ICE: Alright, but making it fucking quick, I got a plane to Canada to catch.
DEE: So I went on my Real Superhero Message Board and found Ladder Man!
ICE: What the fuck is a ladder man?
Ladder Man: Twis’ be ME!
(A man dressed in all black like Zorro leaps from behind a tree while holding a metal ladder. He slowly begins to set up the ladder in the grass and clumsily climbs up the ladder, taking his time in order not to step on his black cape. Once he gets a few steps up he squints his eyes throw his thin black mask and tries his best to pose epically.)
ICE: What the fuck?
DEE: You know of Batman, and Superman, right?
ICE: Yeah.
DEE: Well this is Ladder Man!
Ladder Man: I am LADDER MAN!
ICE: Yeah, Dee just fucking said that.
Ladder Man: I am the keeper of the safety of the night’s beauties.
ICE: What the fuck does that mean?
Ladder Man: It means that I am the watchful eye for the fair and innocent, keeping a lookout for any danger that would ever dare come any fair maiden’s young soft skin. And I do it all from the top of my trusty companion, Sir Ladder-backer!
ICE: And you are a fighter for the good side of life, huh?
DEE: He has a few court cases pending, but he is a true fighter for the people.
Ladder Man: I do not care to speak about those...also, according to the judge, I can’t.

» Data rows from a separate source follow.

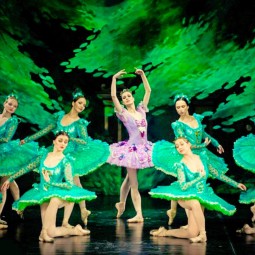 Балет «Спящая красавица» 2019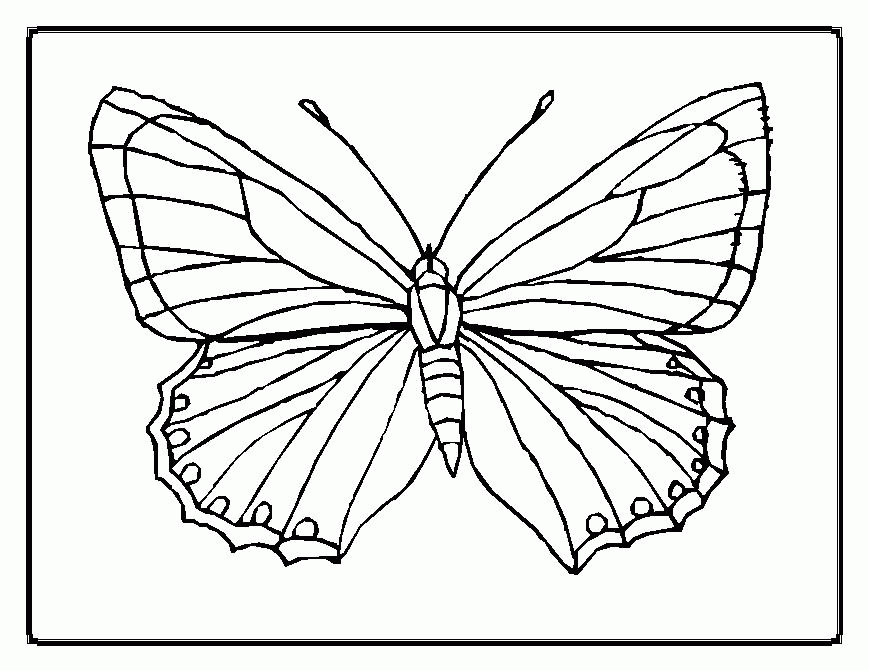 Plansa de colorat cu Fluturi 28 21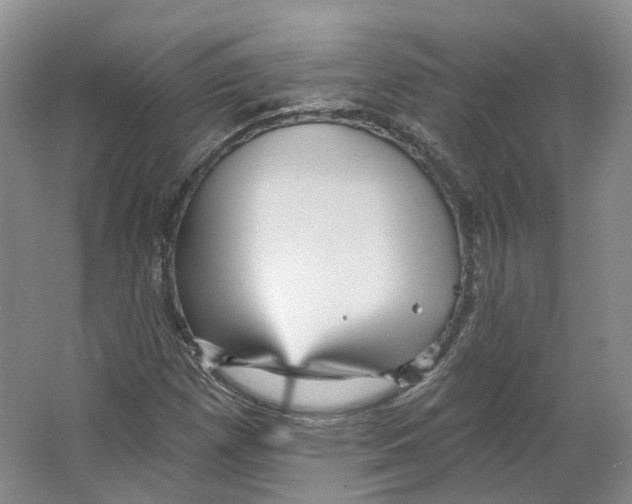 X0000066121257200603311526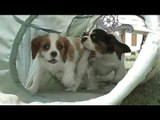 Cavalier King Charles Spaniel Puppies In a Tunnel!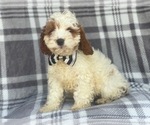 Small Photo #4 Cocker Spaniel-Poodle (Miniature) Mix Puppy For Sale in LAKELAND, FL, USA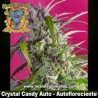 Crystal Candy Auto 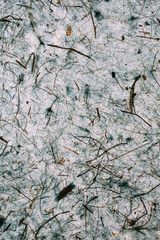 Abstract grey texture and background for design. Close up of abstract grey texture made with recycled paper. 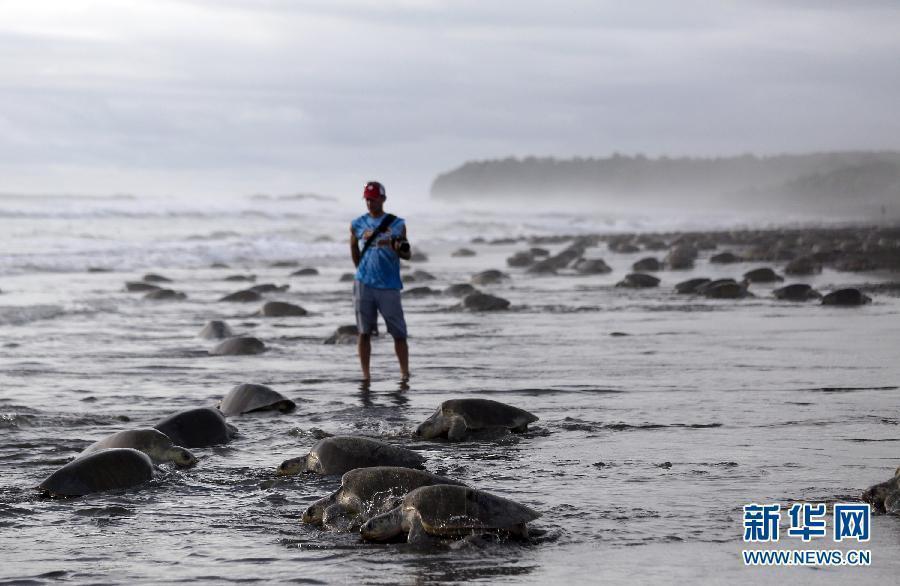 Thousands of Olive Ridley sea turtles lay eggs on Costa Rican coast
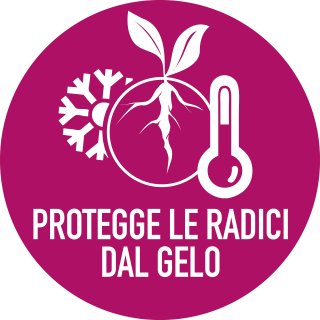 protegge_le_radici_dal_gelo_pino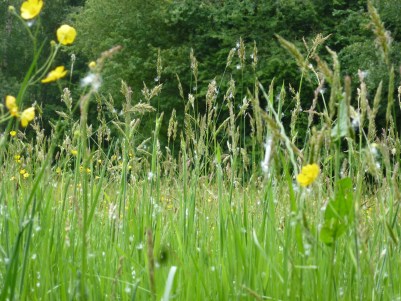 Unsung Meadow 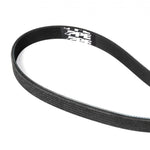 Pacific Performance Engineering 113061429 - Serpentine Belt
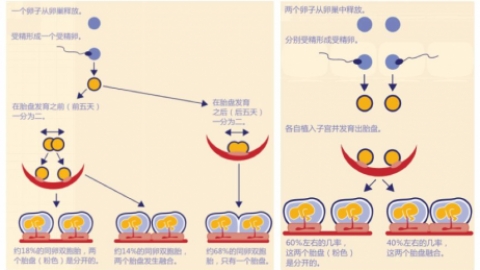 同卵双胞胎DNA如何分辨？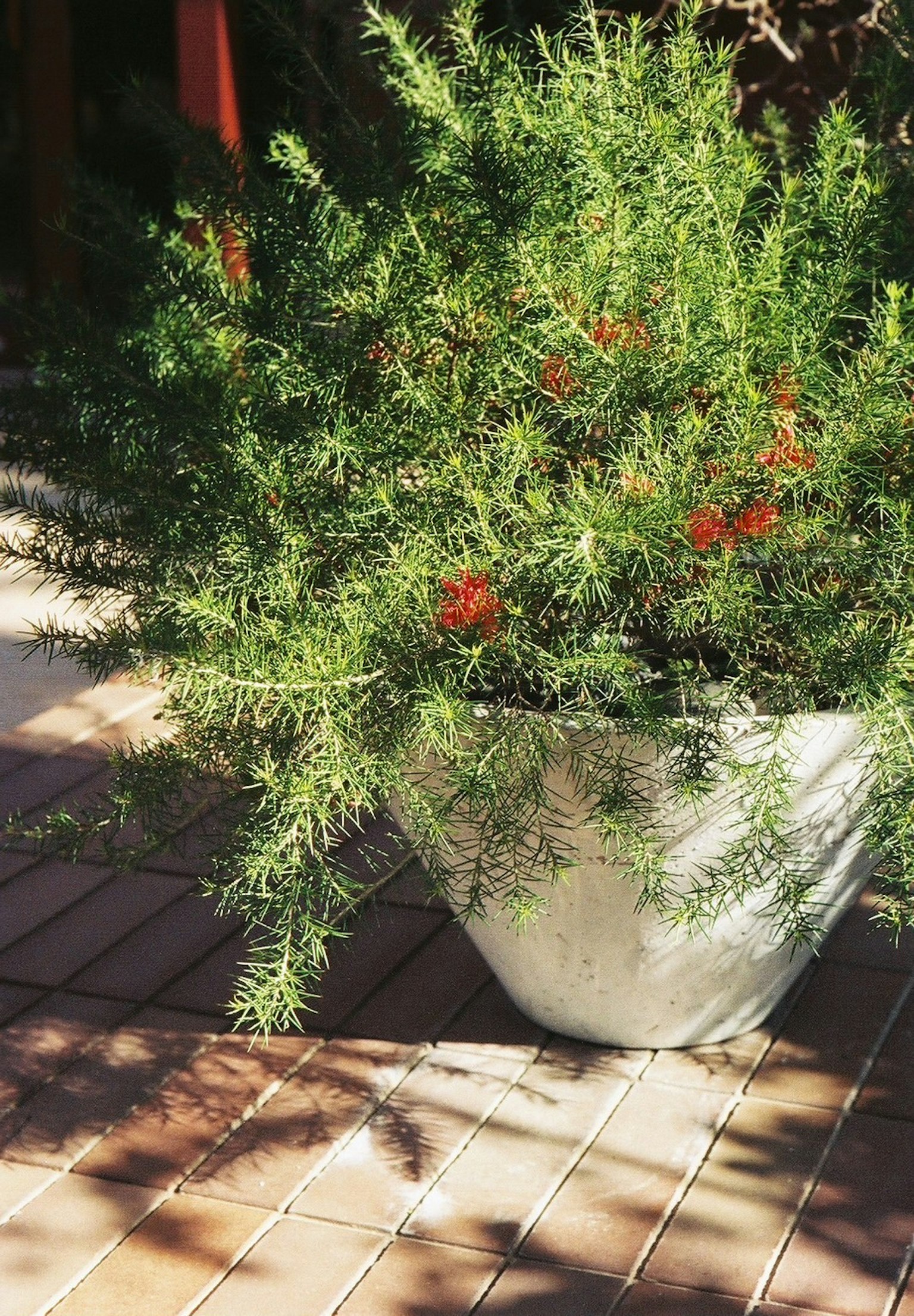 Grande plante en pot avec des feuilles vertes et des fleurs rouges sur le sol carrelé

ICE: Dee, why did you bring this fucking perv onto my property?
DEE: He can teach you of the world of the ladder.
ICE: The only thing this fucking guy can teach me is how to get onto the sexual offender registry.
Ladder Man: I can teach you the ways of the Ladder, but only if you are willing and able and come in with a blank mind.
ICE: Is that the same thing you told the girls after you jumped into their rooms and covered their mouth with duck-tape?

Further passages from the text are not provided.